Saturday, March 28, 2009

Spatial correlations in Antarctica

This is a continuation of a TRF analysis called
Eigenvalues in Antarctica
The main goal is to qualitatively confirm a plot by Steve McIntyre.

Click to zoom in. See it in different colors.

The picture shows the distribution both of different correlation coefficients, a priori between -1 and +1, for pairs of 5,509 Antarctic stations, as well as the distances in the pair. It shows how the correlation tends to disappear as the distances increase.

The chart has been calculated from the temperature anomalies during a period of 300 months: by the temperature anomaly, I mean the temperature for a given month minus the average temperature for the same station and the same month calculated from those 25 years.

Yes, McPete, the colors show the density, i.e. the number of pairs of stations that fit into a small pixel or box: yellow means "a lot".

The raw data were taken from the last, cloud* file on Steig's website. I didn't use any code of Steve which increases the independence of the calculation. The colors that have only made the picture slightly more attractive and more informative than Steve's graphs are pretty much the only visible contribution from your humble correspondent. ;-)

Only half a million of (randomly chosen) pairs are drawn out of 5509 x 5509 pairs, in order to save some time. The pairs were clustered into small boxes where the correlation jumps by 0.01 and the distance jumps by 50 km, while a grid that combines 2 x 2 small boxes has been added to the picture, too.
Download the Steig2 notebook for Mathematica 7.0.1
Download its zipped PDF preview

If you focus on the "bulk" of the picture with the intense colors, you can see that the typical correlation coefficient drops from 1.0 to 0.5 or so for stations that are approximately 2,000 km apart. The correlation goes pretty much to zero for stations that are 5,000 km apart, as you can see on the right side of the picture.
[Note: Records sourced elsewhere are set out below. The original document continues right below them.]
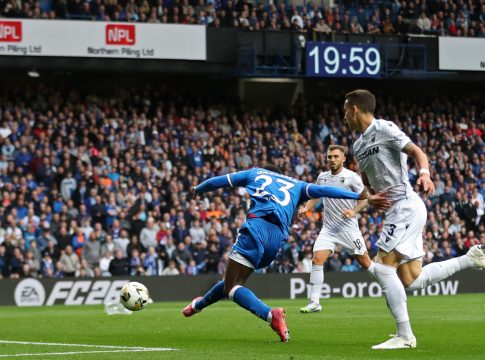 Ρέιντζερς – Βικτόρια Πλζεν 3-0: Πάρτι πρόκρισης με Ντέσερς και Γκασαμά…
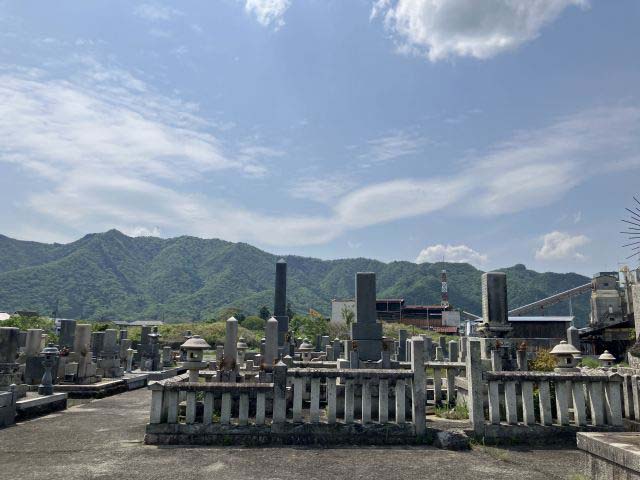 井野原霊苑（たつの市）のお墓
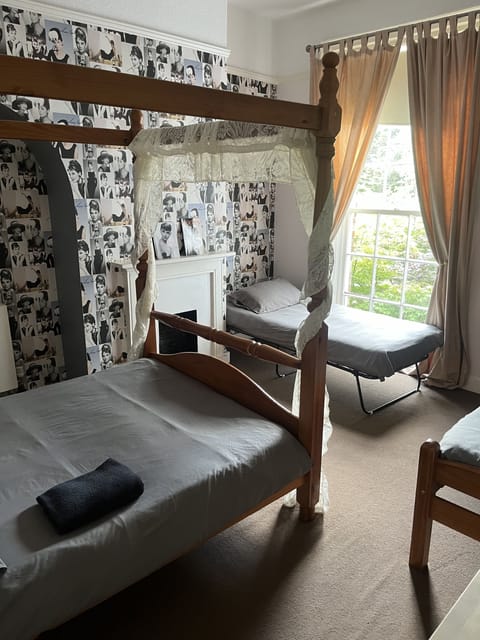 Superior Suite, Ensuite, Garden View (Room 3 ) | Iron/ironing board, free WiFi, bed sheets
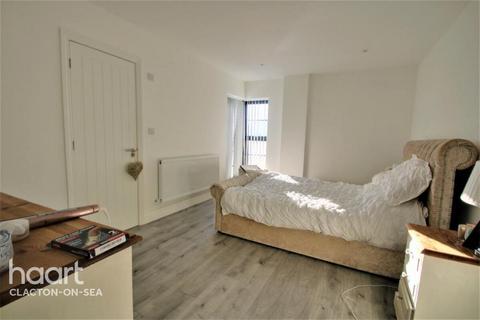 3 bedroom apartment to rent, 143 - 145 Kings Parade, Clacton-on-Sea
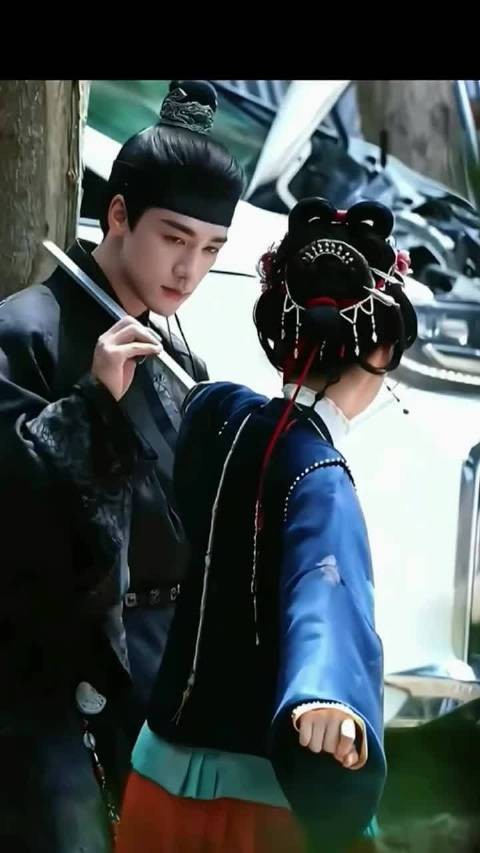 这个眼神好有侵略性,好喜欢丨良陈美锦丨任敏丨此沙丨顾锦朝丨陈彦允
This observation extracted from the reality heavily disagrees with Steig's assumptions/claims/approximations. The latter imply that for distances below 1,500 km or so, a vast majority of Steig's correlation coefficients are almost exactly equal to +1.0. Also, his reconstructed temperatures at distant places of Antarctica seem to be almost always correlated.
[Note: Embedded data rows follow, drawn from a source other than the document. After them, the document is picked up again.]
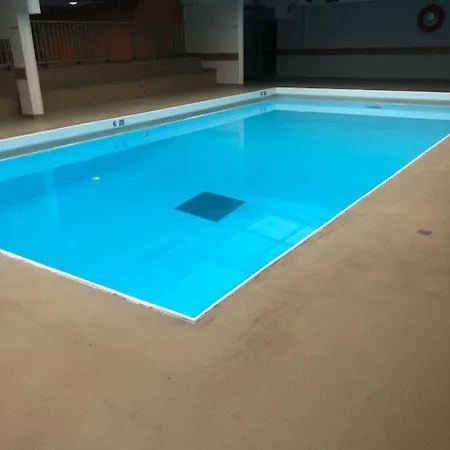 10 Canal, Studio Au Calme, Piscine Solarium Apartment *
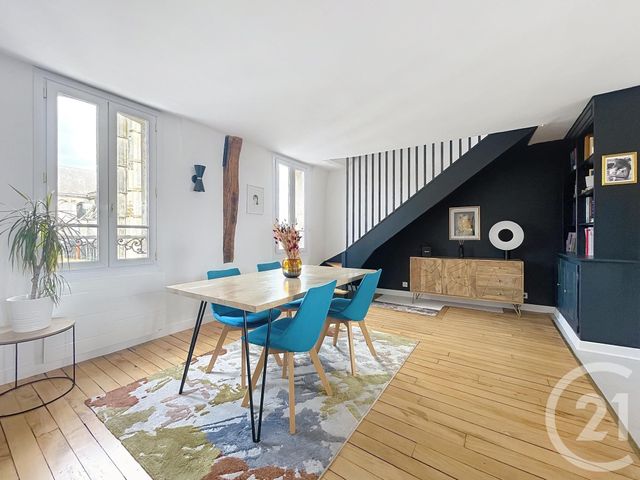 Appartement T4 à vendre - 4 pièces - 89 m2 - Compiegne - 60 - PICARDIE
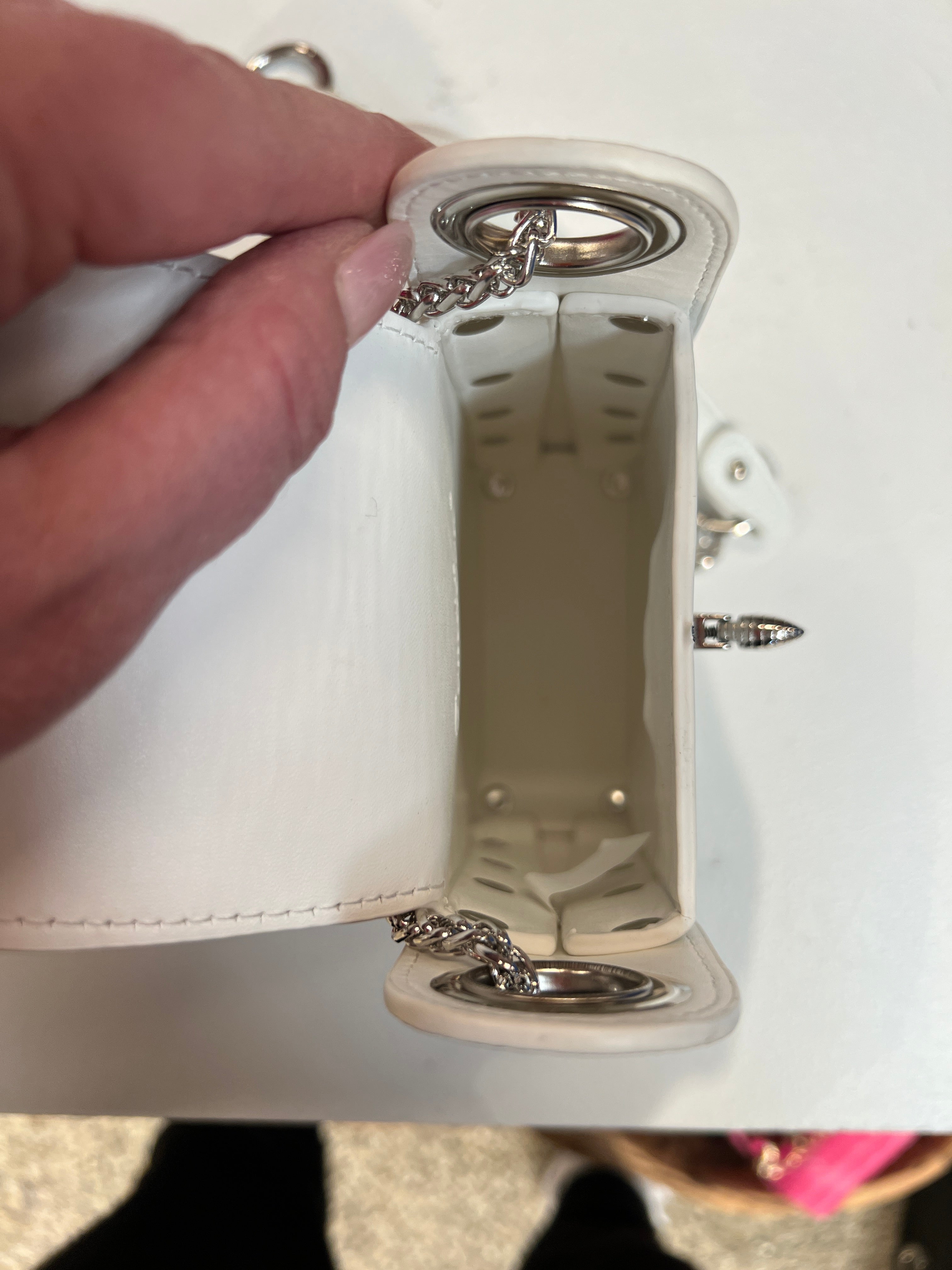 Layla - Cool lille taske med sølv kæde og bi-lukning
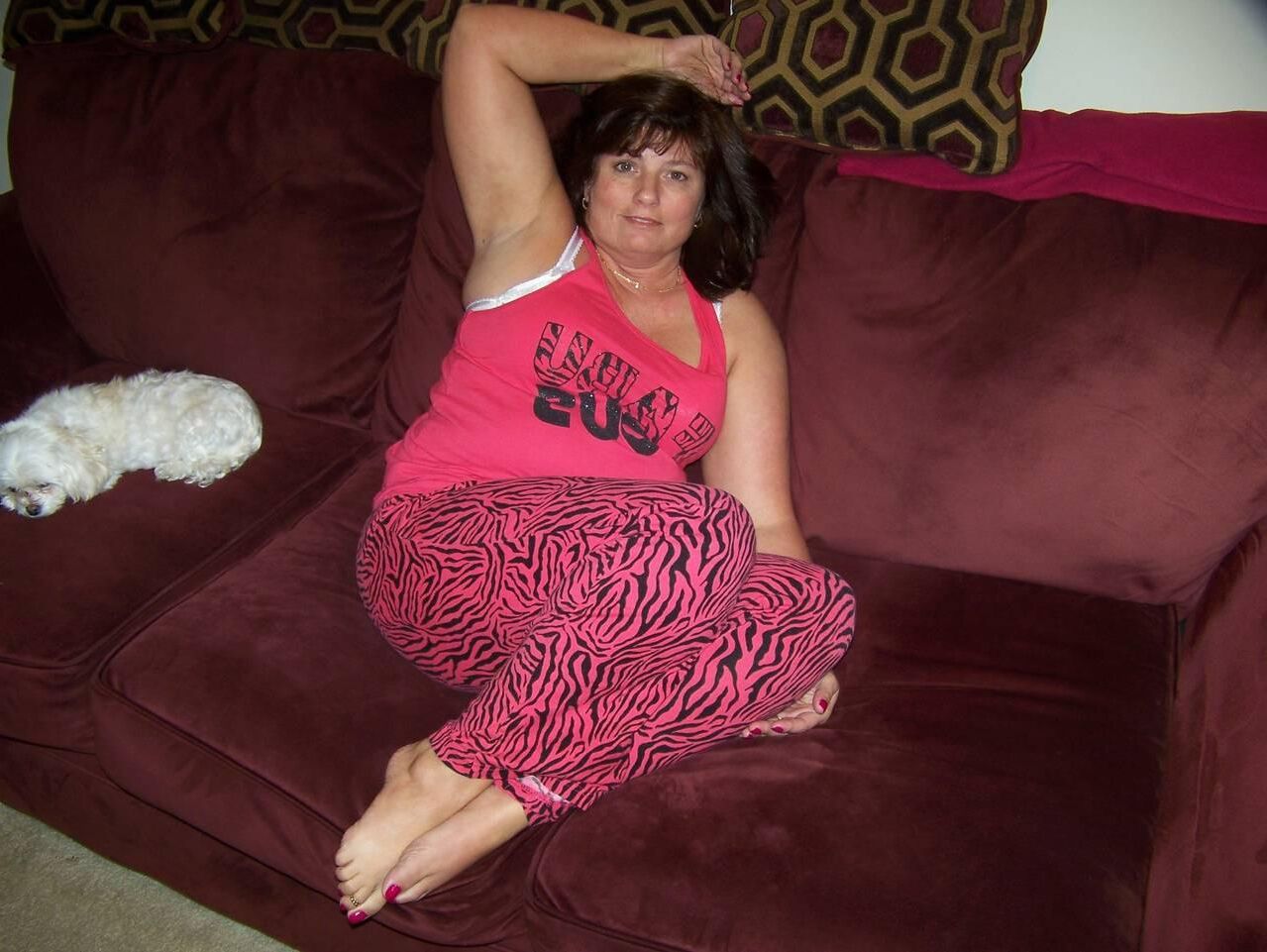 Chubby American milf Angie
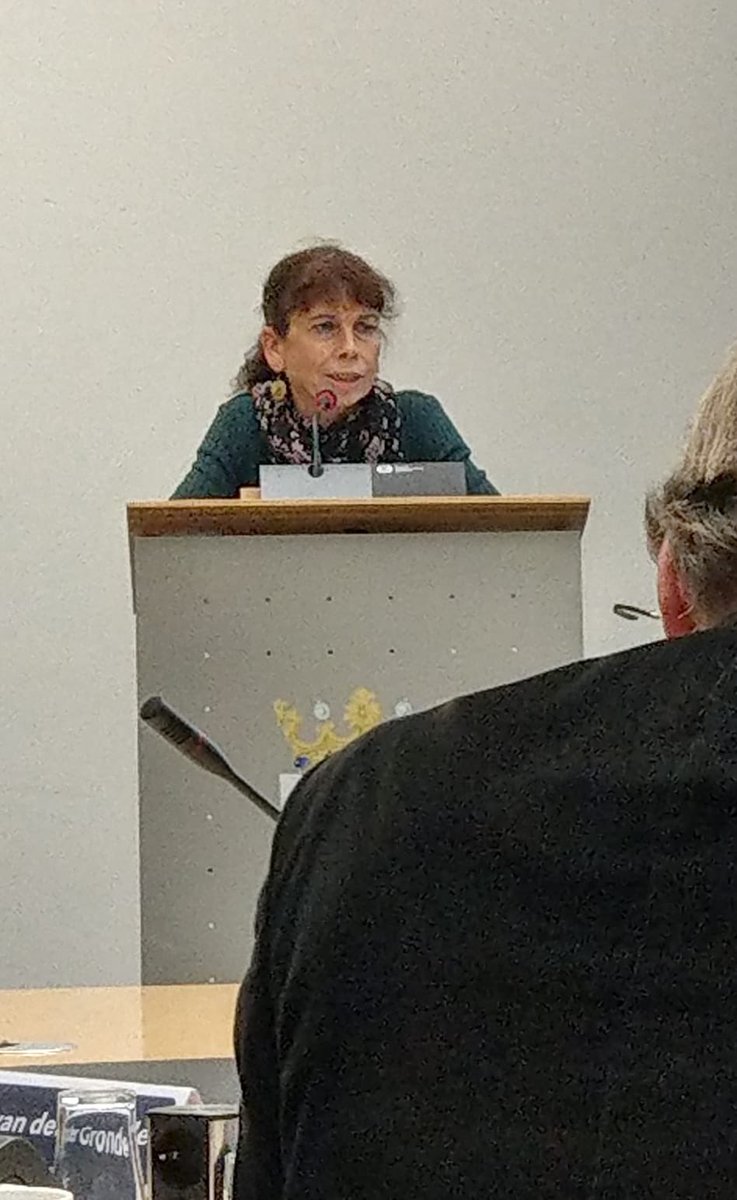 marjanvangiezen's tweet photo. Weer even terug in Raad @Gemeente_LV,  om te pleiten voor kleine structurele subsidie voor behoud @HetVeurTheater. Zo’n theater mag je niet verloren laten gaan!! https://t.co/ulISO4X9hx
Click to zoom in. White background.

This image follows the same conventions as the first one but uses Steig's reconstructed data (last 25 years) as input. Can you spot the difference between this image and the first one on this page?

This effect occurs because the continental temperature is universally assumed to be a time-dependent linear combination of three or four spatial patterns. Amusingly enough, many pairs of stations have a huge negative correlation of Steig's temperatures (that's because the spatial patterns are often combined with negative coefficients - a type of anticorrelation between two places that rarely takes place in reality). While the real-world correlation never drops below -0.4, Steig offers many distant pairs whose correlation is below -0.6 or more.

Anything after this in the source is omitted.